August 23 2014 Latest news:
Friday, June 6, 2014
An Essex farmer said he felt “overjoyed, but humbled” after scooping a top conservation accolade yesterday.
Ashley Cooper was presented with the Farming & Wildlife Advisory Group (FWAG) Silver Lapwing award by the Duke of Westminster at a ceremony held on the Raveningham Estate near Beccles.
Mr Cooper, of HP Coopers Farms, of Hill Farm, Gestingthorpe, near Sudbury, was one of four finalists from across England and Wales battling it out for top place in what judges acknowledged was a particularly tough and closely-fought contest.
“Listening to the accounts of the other farmers, I felt that each of them had done just as much as I had. Clearly the other entrants had done extraordinary things so I felt overjoyed, but humbled,” he said.
In a moving acceptance speech, he paid tribute to his FWAG adviser, Rebecca Inman, for the support she had given to him.
“The FWAG advisers over the years have helped give my farm its heart, its soul and its beauty,” he said.
“I would like to say how overwhelmingly thrilled I am that FWAG is still continuing.”
It was 39 years to the day that he went as a very young man to the first ever FWAG event in Essex, he told the audience. He paid tribute to everyone who had helped him on the farm over the past 40 years and “who cherishes and loves it as much as I do”.
The Silver Lapwing Award event, now in its 37th year, celebrates the efforts of farmers and landowners who demonstrate outstanding commitment to conservation and environmental management within commercially-successful farming enterprises.
Mr Cooper’s farm, based in the Belchamp Brook valley, was selected in recognition of its extensive efforts to protect and enhance the countryside.
As well as growing winter wheat, barley, beans and oilseed rape on his 280ha farm, Mr Cooper is keen on practical conservation, conserving historical artefacts found on the farm, and encouraging schoolchildren to see how food is grown.
Judge Charles Beaumont acknowledged the collapse of the national FWAG body two years ago had been a “bruising process”, but added that it had now been resurrected and the award was still going strong. “This is still the competition that all seriously conservation-minded farmers want to win,” he said.

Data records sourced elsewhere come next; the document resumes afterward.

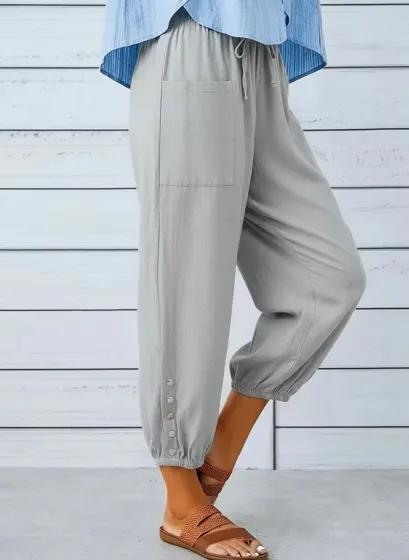 Kadın Beli Lastikli Bağcıklı Düğme Detaylı Pantolon - S-M - Gri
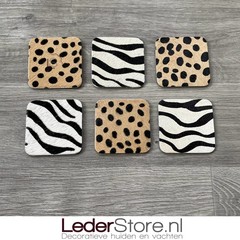 Koeienhuid onderzetters cheetah print 10x10cm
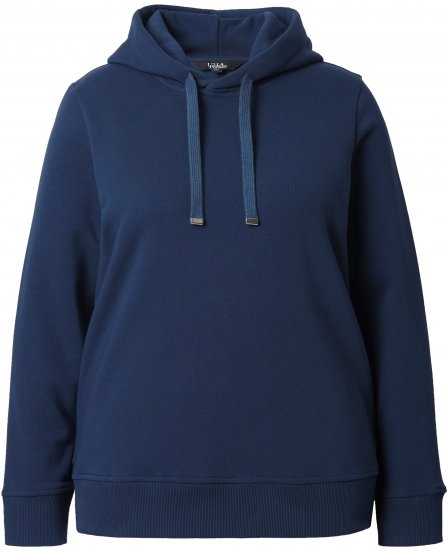 Ulla Popken Relaxed Fit Long Sleeve Hoodie Navy - Puloverji & jopice - 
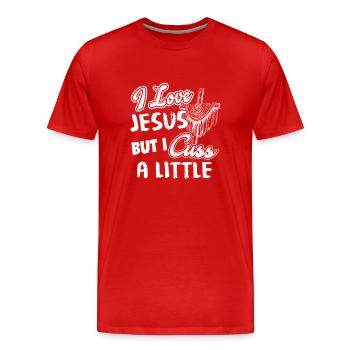 I Love Jesus But I Cuss A Little - Men's Premium Organic T-Shirt - red - Front - Damien (186cm)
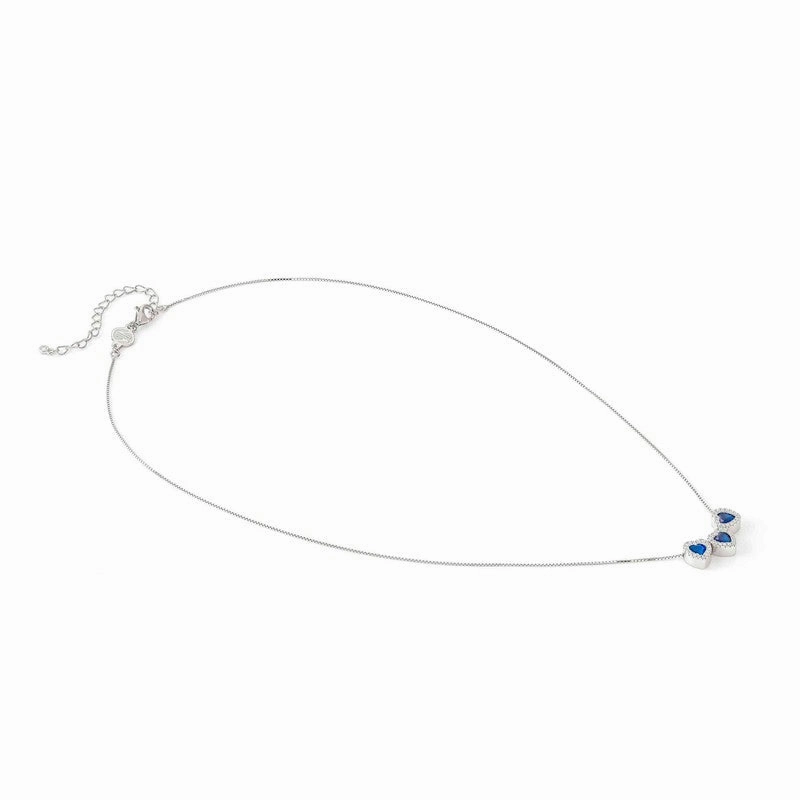 Nomination All My Love Necklace, Triple Heart, Blue Cubic Zirconia , Silver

The finalists were “judged strictly”, he said, and were all “very special farmers and conservationists indeed”.
He singled out for praise the “wonderful museum” created on Mr Cooper’s farm to hold some of the finds discovered from the remains of a Roman villa on the site.
“All in all we loved being there and it was a wonderful entry,” he said. Everything had been “done with a very big dose of love and a strong eye for detail”. “It was a cracking entry,” he said. It was one of two entries he classed as “absolutely outstanding” in the competition.
Glasnant Morgan, of Brecon, came a close second in the contest, and the runner-ups were Dougal Hosford, of Blandford, Dorset, and John Miller, of Nottinghamshire.